For programming languages, a little searching shows that Ada 95 (pragma Pure), High Performance Fortran (1993) (PURE) and VHDL-93 (pure) all contain formal notions of 'pure functions'.
Haskell (1990) is fairly obvious, but purity isn't explicit. GCC's C has various function attributes for various differing levels of 'pure'.
A couple of books: Rationale for the C programming language (1990) uses the term, as does Programming Languages and their Definitions (1984). However, both apparently only use it once! Programming the IBM Personal Computer, Pascal (also 1984) uses the term, but it isn't clear from Google's restricted view whether or not the Pascal compiler had support for it. (I suspect not.)
An interesting note is that Green, the predecessor to Ada, actually had a fairly strict 'function' definition - even memory allocation was disallowed. However, this was dropped before it became Ada, where functions can have side-effects (I/O or global variables), but can't modify their arguments.
C28-6571-3 (the first PL/I reference manual, written before the compiler) shows that PL/I had support for pure functions, in the form of the REDUCIBLE (= pure) attribute, as far back as 1966 - when the compiler was first released. (This also answers your third question.)
This last document specifically notes that it includes REDUCIBLE as a new change since document C28-6571-2. So REDUCIBLE, which is possibly the first incarnation of formal pure functions in programming languages, appeared somewhere between January and July 1966.
Update: The earliest instance of "pure function" on Google Groups in this sense is from 1988, which easily postdates the book references.

A couple of myths:
The term "pure functional" doesn't come from mathematics, where all functions are by nature "pure" and, so, there was never any need to call anything a "pure function".
The term doesn't come from imperative programming. The early imperative programming languages, Fortran, Algol 60, Pascal etc., always had two kinds of abstractions: "functions" that produced results based on their inputs and "procedures" which took some inputs and did an action. It was considered good programming practice for "functions" not to have side effects. There was no need for them to have side effects because one could always use procedures instead.
So, where else could the term "pure functional" have come from? The answer is - sort of- obvious. It came from impure functional programming languages, the foremost among them being Lisp. Lisp was designed sometime between 1958 and 1960 (between the first and second reports of Algol 60, whose design McCarthy was involved in, but didn't feel satisfied with). Lisp's design was based fundamentally on functional programming. However, it also allowed side-effects as a pragmatic choice. It did not have a notion of a command or a procedure. So, in Lisp, one mostly wrote "pure functions", but occasionally, one wrote "impure functions," i.e., functions with side-effects, to get something done. The terms "pure Lisp" or "purely functional subset of Lisp" have been in use for a long time. Slowly, by osmosis, this idea of "purity" has come to invade all our space.
The imperative programming languages could have resisted the trend. But, once C decided to abolish the idea of "procedures" and call them "void functions" instead, they didn't have much of a leg to stand on.

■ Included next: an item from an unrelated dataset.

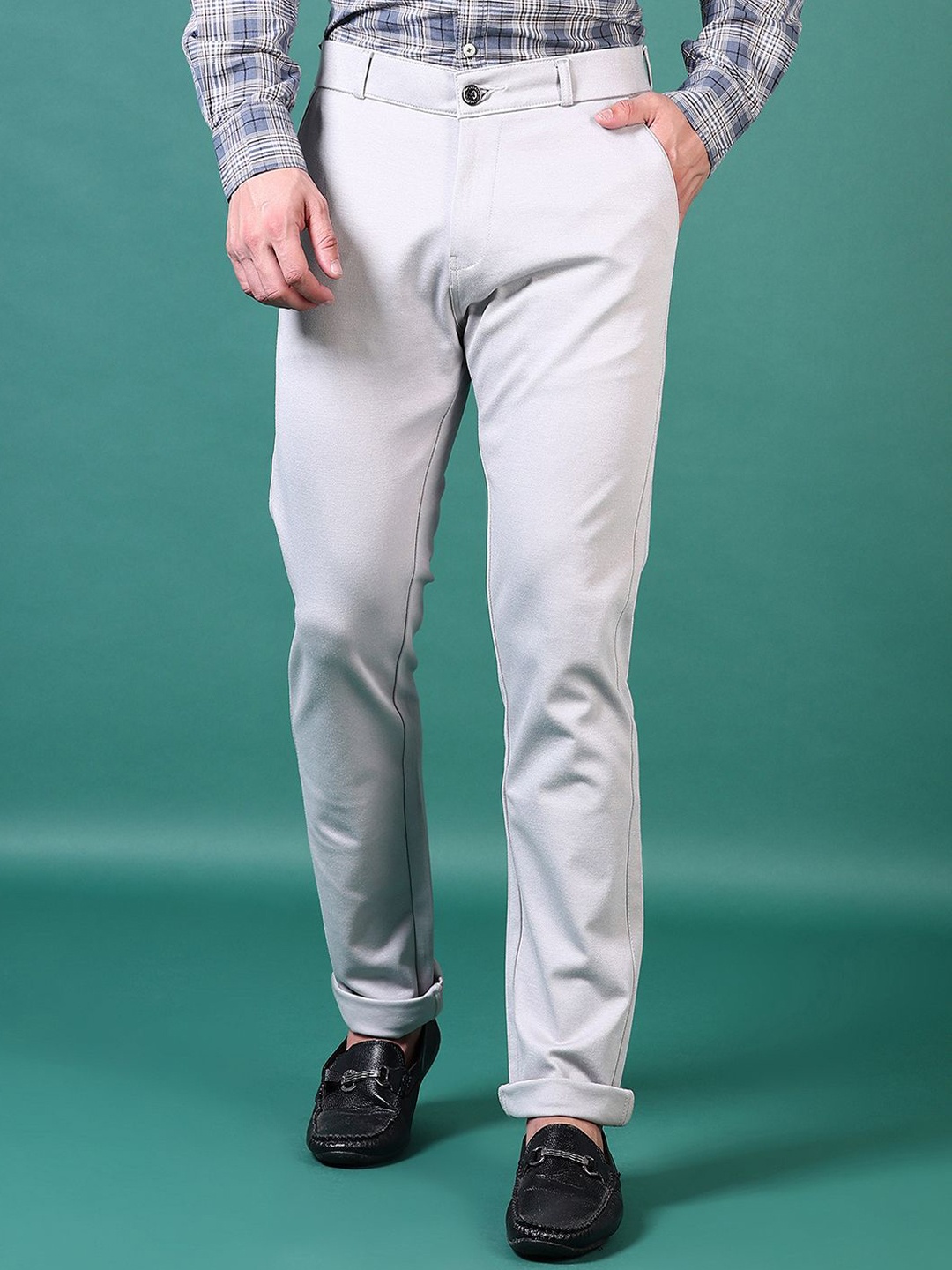 

V-Mart Men Cotton Mid-Rise Regular Fit Chinos Trousers, Grey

It comes from the mathematical definition of "function", where it is not possible for functions to have side effects.

Why is the word "pure" used to describe functions with those properties?
From Wiktionary > pure # adjective
free of flaws or imperfections; unsullied
free of foreign material or pollutants
free of immoral behavior or qualities; clean
of a branch of science, done for its own sake instead of serving another branch of science.
It should be obvious that the behavior of interacting functions is easiest to reason about when they are influenced only by their inputs, and they themselves influence only their outputs. Therefore it is inevitable that these kinds of functions will be noticed and classified. Now what word could we use to describe a function with such properties? "free of foreign material or pollutants" and "free of immoral behavior or qualities" seem to describe this rather well.
Who first used the word "pure" in that way, and when?
I am much too young to answer this with any degree of confidence. I argue, however, that it was inevitable that the word pure (or some very close synonym) would be used to describe functions that behave in this way.
Are there other words that mean roughly the same thing?
You said it yourself: "referentially transparent". However, you seem to suggest that "referential transparency" encompasses only part of the meaning of the phrase "pure function". I disagree; I feel it is entirely synonymous. From Wikipedia > Referential Transparency:
An expression is said to be referentially transparent if it can be replaced with its value without changing the behavior of a program. (emphasis mine)
The Haskell community sometimes uses the adjective "safe" in a similar manner. (See the Safe library, made to avoid throwing exceptions. Contrast with unsafePerformIO)
I can't think of any other synonyms right now.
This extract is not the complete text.